On June 30, 1855, with the retirement of Grambo, the firm resumed the name J. B. Lippincott & Company and Lippincott became the acknowledged head of the publishing business in Philadelphia. In 1865 he again visited Europe and entered into business relations with nearly all the leading publishing houses in London. His foreign business increased and in 1876 he established a London agency. In 1855 Lippincott published the first edition of Lippincott's Pronouncing Gazetteer, under the editorship of Joseph Thomas and Thomas Baldwin, which was accepted as a standard reference and went through several editions. In the sixties he took over the publication of Prescott's histories. In 1870, having delegated Thomas to head a companion work to the Gazetteer, he published in two volumes the Universal Pronouncing Dictionary of Biography and Mythology. In 1870 and 1871 he published the second and third volumes of Samuel Austin Allibone's Critical Dictionary of English Literature and British and American Authors. He also published successive editions of the Dispensatory of the United States, some of Bulwer's novels, Worcester's dictionaries, and numerous other works of reference. Not confining himself to the printing of books, he put out the North American Medico-Chirurgical Review, edited by Samuel D. Gross, which was suspended after the outbreak of the Civil War, established Lippincott's Magazine in 1868, and in 1870 began the publication of the Medical Times.

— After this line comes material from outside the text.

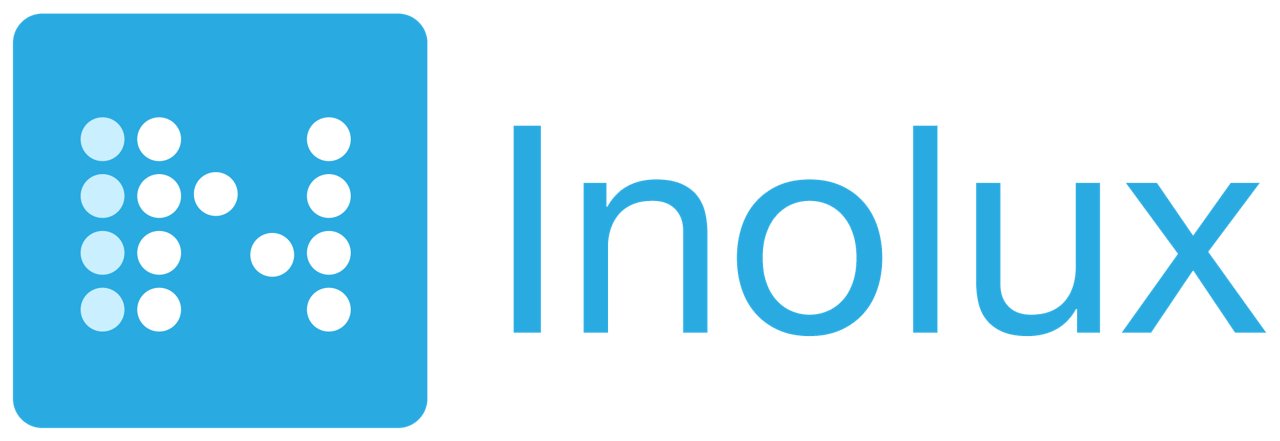 Inolux Corporation logo in color with transparent background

In 1854 he was elected a director of the Farmers' & Mechanics' Bank of Philadelphia, in 1861 a member of the board of managers of the Philadelphia Savings Fund Society, and in 1862 a director of the Pennsylvania Company for Insurance on Lives and Granting Annuities. In 1874 he was chosen a member of the board of trustees of Jefferson Medical College, and in 1876 he was elected to the board of trustees of the University of Pennsylvania. Besides these positions, most of which he held until his death, he was for many years a member of the board of directors of the Philadelphia & Reading Railroad Company. He was a lover of animals and for some time was president of the Society for the Prevention of Cruelty to Animals. He was also a generous donor to the department of veterinary medicine of the University of Pennsylvania, of which he was regarded as one of the founders. In February 1885 he incorporated his firm as the J. B. Lippincott Publishing Company and retired from business because of ill health. He died in Philadelphia, leaving an estate valued at several million dollars.
Achievements
Lippincott was an eminent businessman and the founder of J. B. Lippincott & Co. By the end of the 19th century, he was one of the largest and best-known publishers in the world.
Connections
Lippincott married Josephine Craige on October 16, 1845, and they had four children.